## Why the Lagrangian is kinetic minus potential energy (at least for gravity)

Warning: This is a higher level post, assuming some familiarity with Lagrangian mechanics and general relativity.

When the aspiring physics student is first exposed to Lagrangian mechanics, which differs from Newtonian mechanics in that it focuses on scalars and energies rather than vectors and forces, the question always and everywhere arises: “But why is it kinetic minus potential energy?”

The answers usually provided are deeply unsatisfactory.
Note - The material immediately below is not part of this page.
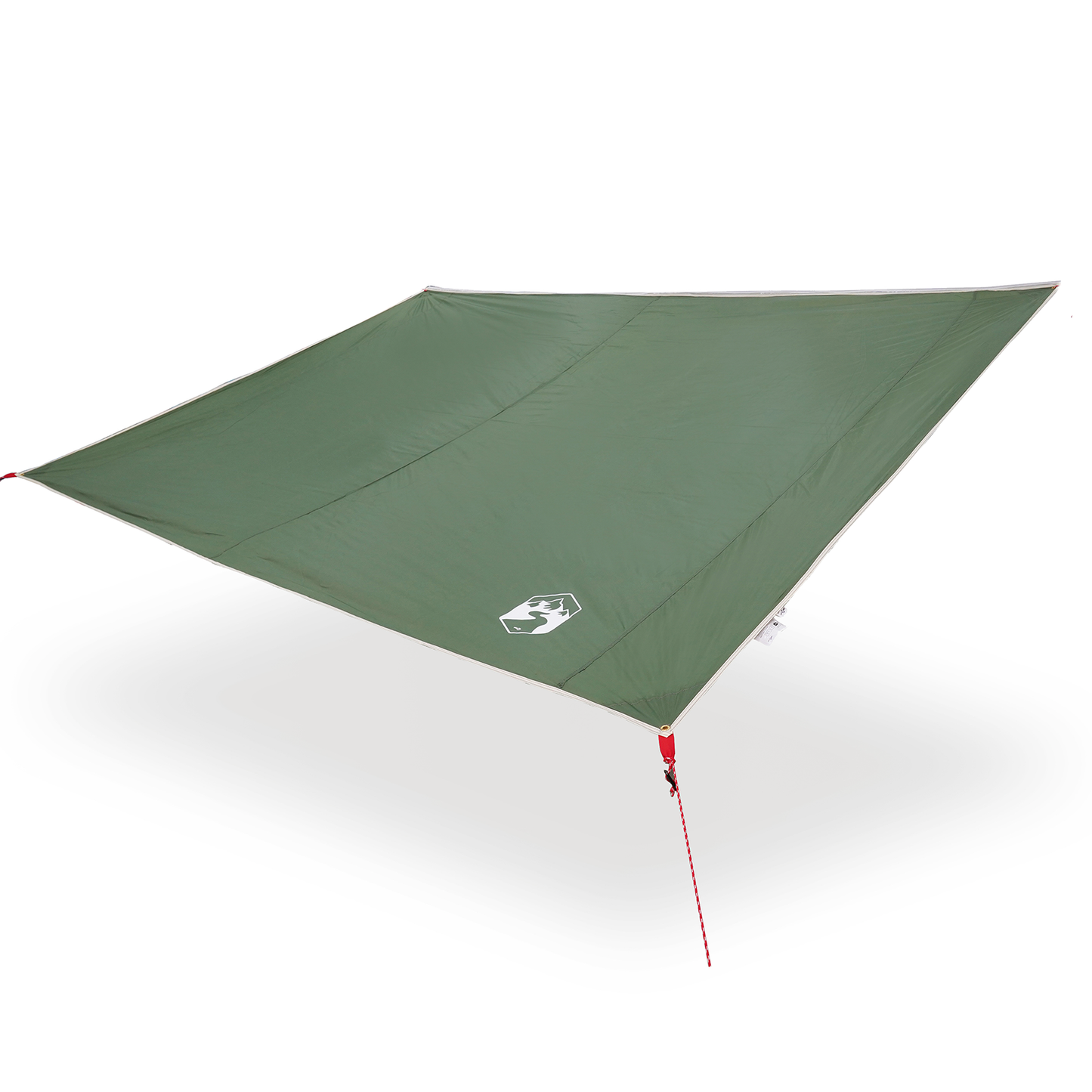 Vannavstøtende tarp person 240 x 350 cm Vanntett grønn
Things like “Well, we’ll soon show that it’s equivalent to Newton’s Laws, so if you accept those than that should be enough.” The initial construction[1] just seemed so deep and careful, where we posit that space is homogeneous (to remove absolute position from the Lagrangian) and isotropic (so only the magnitude of velocity matters, not it’s direction) and that time is homogeneous (to remove time from the Lagrangian) and the principle of relativity which requires that the Lagrangian vary only linearly with the quantity $\displaystyle v^2$. But when the time comes to include other particles, we get a big, dirty, mysterious minus sign.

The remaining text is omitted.